Assignment:
Would you retype the records below exactly as they appear?

Data extracted from a collection:
BEGIN
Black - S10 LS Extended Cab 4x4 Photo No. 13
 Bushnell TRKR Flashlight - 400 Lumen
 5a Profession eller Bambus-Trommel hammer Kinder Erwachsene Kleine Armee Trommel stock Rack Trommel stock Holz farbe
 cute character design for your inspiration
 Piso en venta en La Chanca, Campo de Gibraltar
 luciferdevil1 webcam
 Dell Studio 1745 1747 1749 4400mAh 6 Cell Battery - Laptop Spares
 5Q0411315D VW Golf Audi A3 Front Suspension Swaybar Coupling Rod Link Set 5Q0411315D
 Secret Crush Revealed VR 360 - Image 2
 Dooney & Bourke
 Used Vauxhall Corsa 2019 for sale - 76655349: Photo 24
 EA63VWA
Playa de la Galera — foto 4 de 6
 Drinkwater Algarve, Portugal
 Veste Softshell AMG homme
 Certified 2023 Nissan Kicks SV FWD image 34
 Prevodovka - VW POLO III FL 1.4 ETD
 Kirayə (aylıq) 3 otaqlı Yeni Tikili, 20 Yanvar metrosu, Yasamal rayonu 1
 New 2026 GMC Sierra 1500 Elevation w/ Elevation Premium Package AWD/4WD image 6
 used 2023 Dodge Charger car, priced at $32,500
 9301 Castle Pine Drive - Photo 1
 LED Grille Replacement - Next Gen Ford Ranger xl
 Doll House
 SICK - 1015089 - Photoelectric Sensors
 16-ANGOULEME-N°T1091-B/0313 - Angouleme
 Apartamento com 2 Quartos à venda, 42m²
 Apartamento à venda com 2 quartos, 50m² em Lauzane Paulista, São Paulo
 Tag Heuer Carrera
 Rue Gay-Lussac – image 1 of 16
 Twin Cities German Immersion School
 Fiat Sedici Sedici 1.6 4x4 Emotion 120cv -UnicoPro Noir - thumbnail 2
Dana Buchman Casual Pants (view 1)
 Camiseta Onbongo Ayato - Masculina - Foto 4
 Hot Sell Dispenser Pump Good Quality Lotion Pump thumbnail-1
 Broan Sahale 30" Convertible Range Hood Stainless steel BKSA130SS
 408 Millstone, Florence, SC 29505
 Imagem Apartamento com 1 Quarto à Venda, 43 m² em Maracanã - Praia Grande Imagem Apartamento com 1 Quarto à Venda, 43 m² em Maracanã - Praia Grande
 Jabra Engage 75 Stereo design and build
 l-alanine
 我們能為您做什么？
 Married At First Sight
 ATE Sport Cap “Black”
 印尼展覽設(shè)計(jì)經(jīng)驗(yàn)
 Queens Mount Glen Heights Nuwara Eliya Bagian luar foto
END
Answer to this task:
Black - S10 LS Extended Cab 4x4 Photo No. 13
 Bushnell TRKR Flashlight - 400 Lumen
 5a Profession eller Bambus-Trommel hammer Kinder Erwachsene Kleine Armee Trommel stock Rack Trommel stock Holz farbe
 cute character design for your inspiration
 Piso en venta en La Chanca, Campo de Gibraltar
 luciferdevil1 webcam
 Dell Studio 1745 1747 1749 4400mAh 6 Cell Battery - Laptop Spares
 5Q0411315D VW Golf Audi A3 Front Suspension Swaybar Coupling Rod Link Set 5Q0411315D
 Secret Crush Revealed VR 360 - Image 2
 Dooney & Bourke
 Used Vauxhall Corsa 2019 for sale - 76655349: Photo 24
 EA63VWA
Playa de la Galera — foto 4 de 6
 Drinkwater Algarve, Portugal
 Veste Softshell AMG homme
 Certified 2023 Nissan Kicks SV FWD image 34
 Prevodovka - VW POLO III FL 1.4 ETD
 Kirayə (aylıq) 3 otaqlı Yeni Tikili, 20 Yanvar metrosu, Yasamal rayonu 1
 New 2026 GMC Sierra 1500 Elevation w/ Elevation Premium Package AWD/4WD image 6
 used 2023 Dodge Charger car, priced at $32,500
 9301 Castle Pine Drive - Photo 1
 LED Grille Replacement - Next Gen Ford Ranger xl
 Doll House
 SICK - 1015089 - Photoelectric Sensors
 16-ANGOULEME-N°T1091-B/0313 - Angouleme
 Apartamento com 2 Quartos à venda, 42m²
 Apartamento à venda com 2 quartos, 50m² em Lauzane Paulista, São Paulo
 Tag Heuer Carrera
 Rue Gay-Lussac – image 1 of 16
 Twin Cities German Immersion School
 Fiat Sedici Sedici 1.6 4x4 Emotion 120cv -UnicoPro Noir - thumbnail 2
Dana Buchman Casual Pants (view 1)
 Camiseta Onbongo Ayato - Masculina - Foto 4
 Hot Sell Dispenser Pump Good Quality Lotion Pump thumbnail-1
 Broan Sahale 30" Convertible Range Hood Stainless steel BKSA130SS
 408 Millstone, Florence, SC 29505
 Imagem Apartamento com 1 Quarto à Venda, 43 m² em Maracanã - Praia Grande Imagem Apartamento com 1 Quarto à Venda, 43 m² em Maracanã - Praia Grande
 Jabra Engage 75 Stereo design and build
 l-alanine
 我們能為您做什么？
 Married At First Sight
 ATE Sport Cap “Black”
 印尼展覽設(shè)計(jì)經(jīng)驗(yàn)
 Queens Mount Glen Heights Nuwara Eliya Bagian luar foto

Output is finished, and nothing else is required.